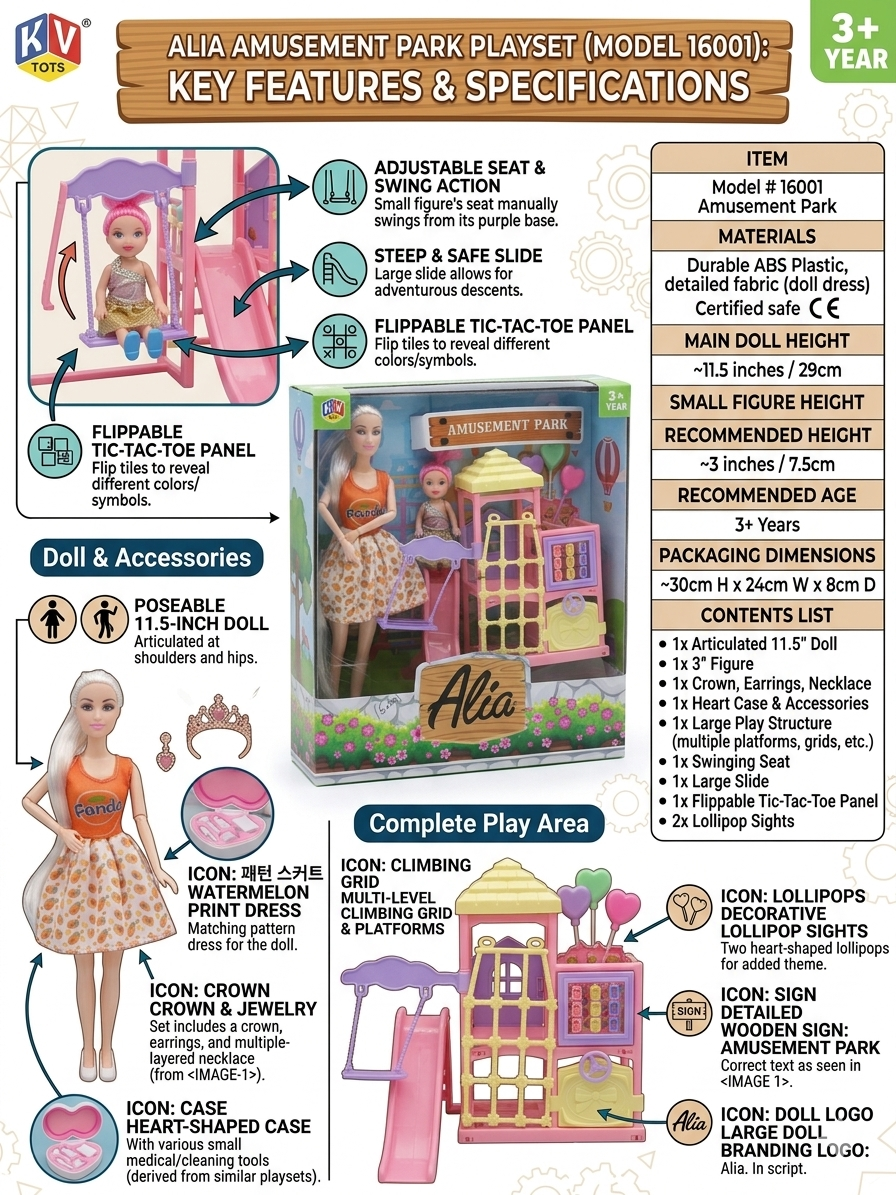 Alia Amusement Park Doll Playset with Slide & Swing, 11.5 Inch Poseable Doll + Accessories
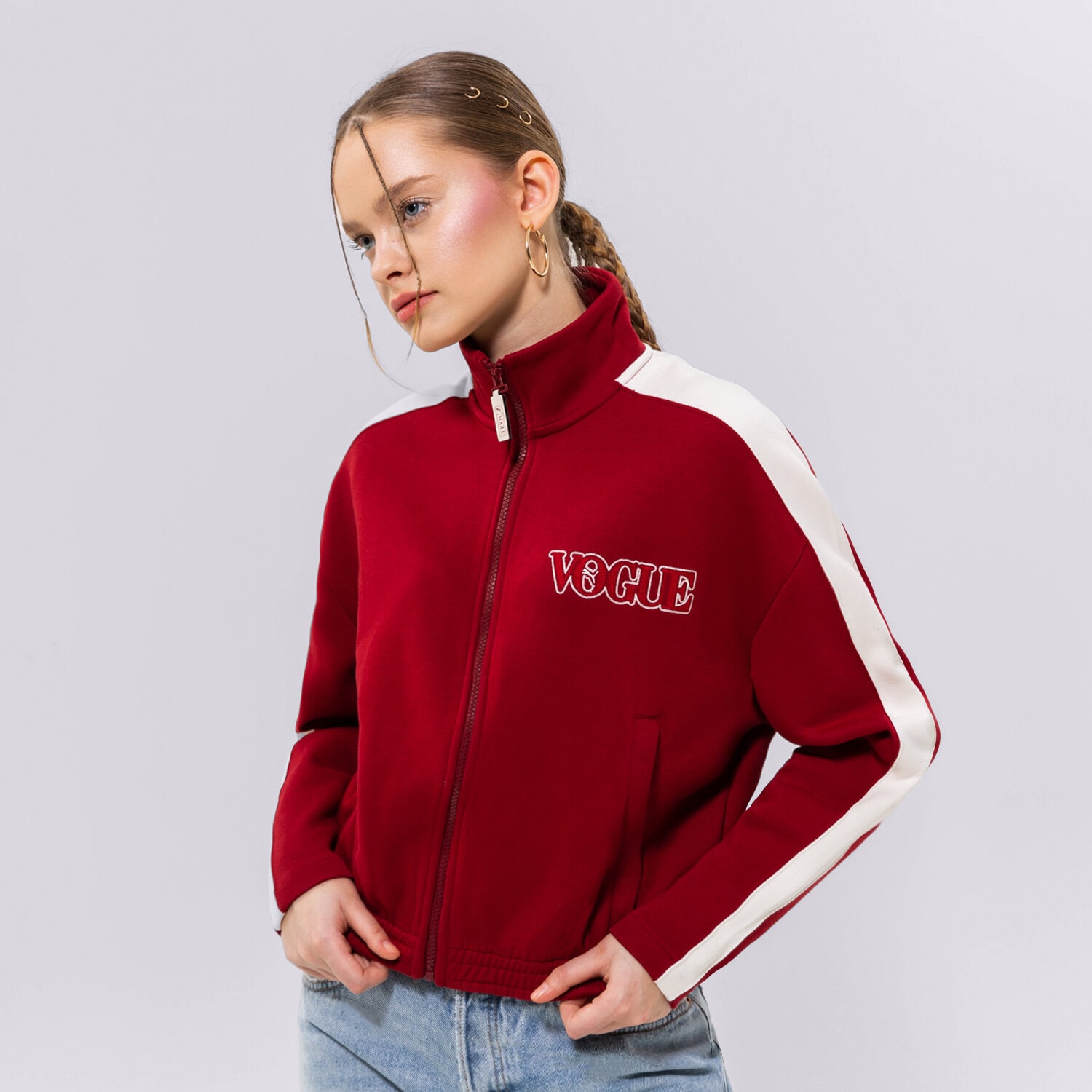 dámská zimní bunda PUMA BUNDA PUMA X VOGUE T7 CROPPED JACKET DK 536692-22 ČERVENÁ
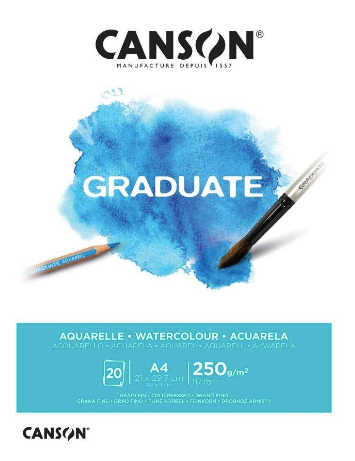 Canson - Acuarela Pad Graduate A4 250gr 20hjs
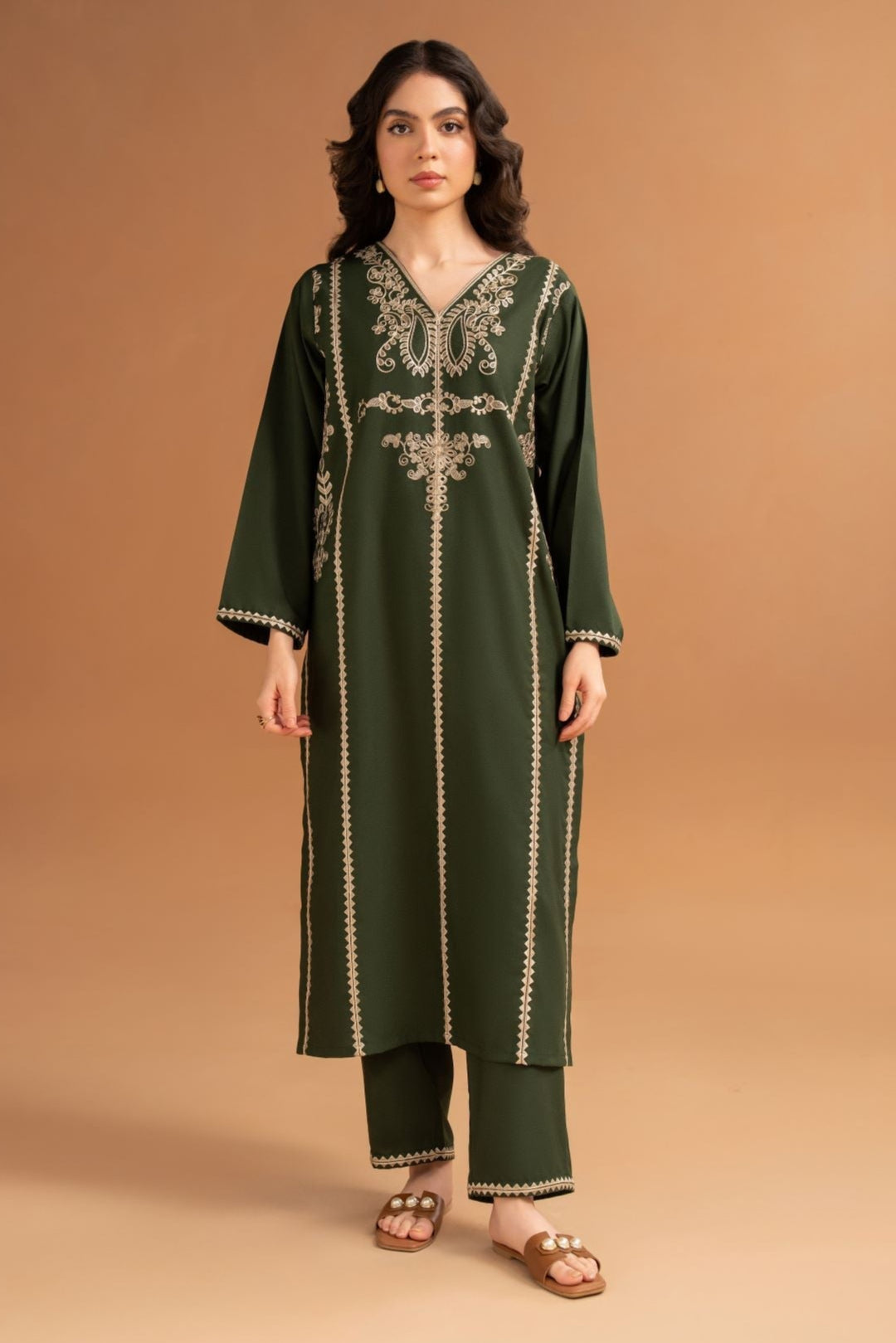 LAZULI-2PC LAWN EMBROIDRED SHIRT WITH LAWN EMBROIDRED TROUSR-W.J-1518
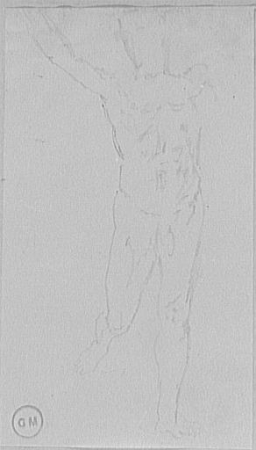 Study of a naked man standing from the front, Gustave Moreau, between 1850 and 1895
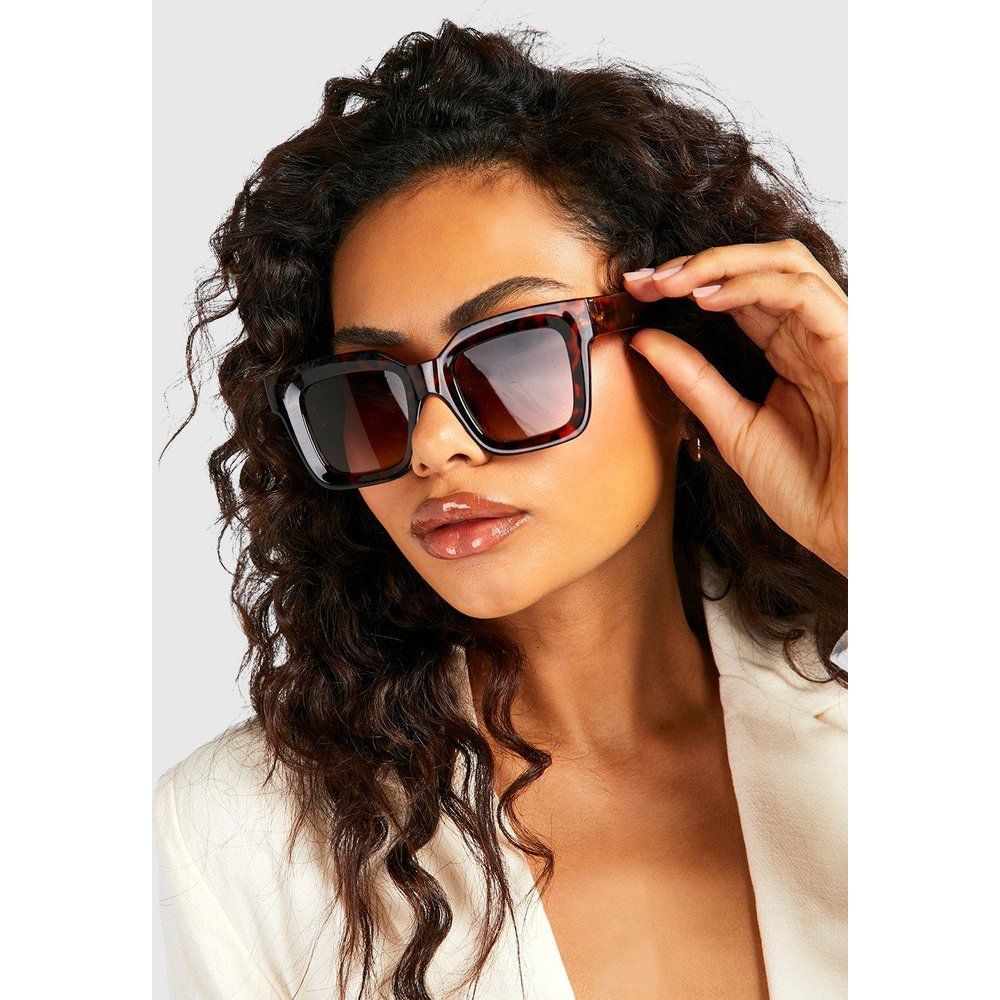 Lunettes De Soleil Carrées Écailles De Tortue - One Size - boohoo - Modalova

+-------+

**Your objective:** The lines to be quoted run from the line containing "Study of a naked" through the end of the entries above, both included; quote them exactly and leave out any pictures.

**Finished task:**
 Study of a naked man standing from the front, Gustave Moreau, between 1850 and 1895
 Lunettes De Soleil Carrées Écailles De Tortue - One Size - boohoo - Modalova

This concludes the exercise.